There was another pressure; in that I had two young boys at home and I needed to concentrate extremely hard for a long period of time. One tiny mistake could have spelled a fatal mistake. I was well aware 40% of accidents are caused by fatigue and a simple careless action. I felt wired the whole time.

Any scary moments? 

The night before we set off I had all sorts of anxious thoughts going through my mind, but when I set off they quickly eased. I did feel butterflies lowering out from Sickle Ledge across Dolt Crack and eventually into Stove Leg Crack. It feels a very committing thing to do when you're 800 feet off the deck, using skills you've only just learned.

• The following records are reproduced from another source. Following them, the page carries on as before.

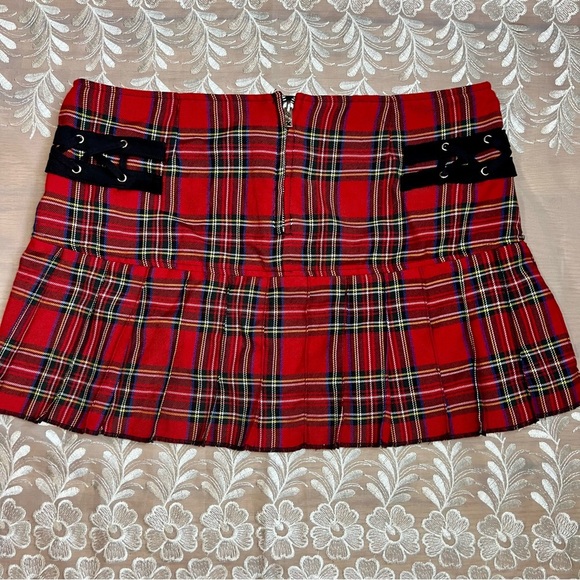 Tripp NYC Y2K Grunge, Emo Plaid Red Skirt w/ Black Lace-Up Detail -Size L -SK06 - Picture 5 of 8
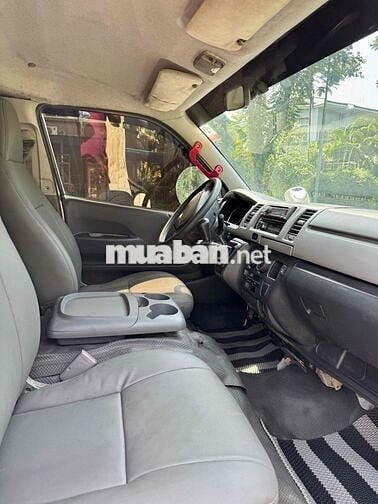 Toyota Hiace 2007 H200 Commuter 2.7 - 123456 km
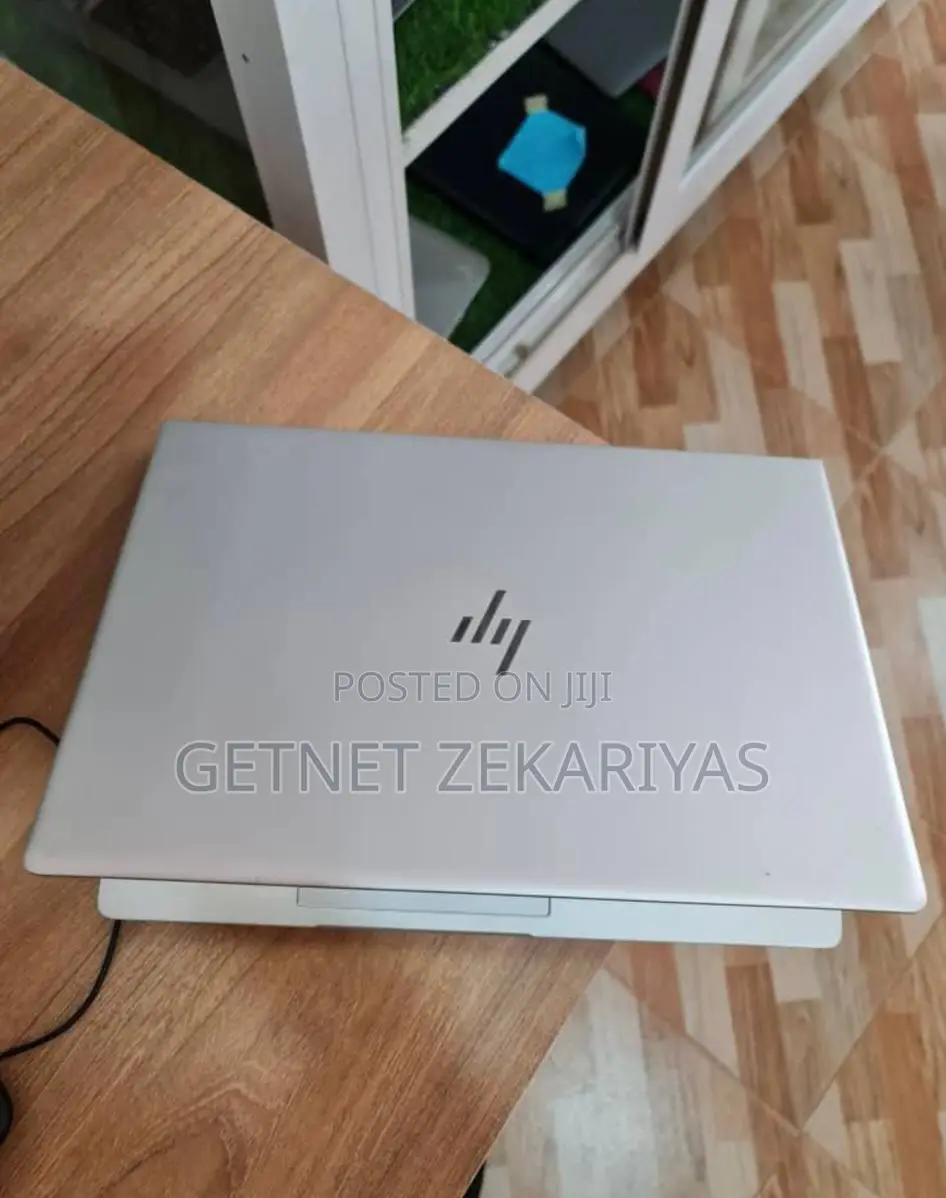 New Laptop HP EliteBook 840 G5 8GB AMD Ryzen 5 SSD 256GB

The next scary place was Texas Flake. I found this nearly the most exposed part of the climb. Although you're barely half way up the wall, I felt so insignificant and insecure setting perched on this massive 'semi-balancing' flake. The drop down from here is quite surreal. 

Another scary moment was the anticipation of lowering out under The Great Roof.  To me I should have been in an aeroplane this high up. But because I was totally committed, I just had to do the job in hand. I made myself stay calm and pressed my 'delete imagination button' - I guess it was a bit like an out of body experience. The Great Roof is not a place to let your imagination get out of control.

The last pitch was surprisingly hard too, because it overhangs in places at 45 degrees - although the exposure bothered me less here, because the drop had actually started to seem unreal. What I didn't like, was that there was no communication and I felt very out on a limb and alone.

Any moments you thought you weren't going to make it? 

No not exactly. I didn't have feelings either way. I just had the mindset that I would never give up unless Hans determined otherwise. I did wonder though on that last pitch if I was actually going to get stuck though - it was so physically hard getting the clips out. Leading it wouldn't have been any harder, physically.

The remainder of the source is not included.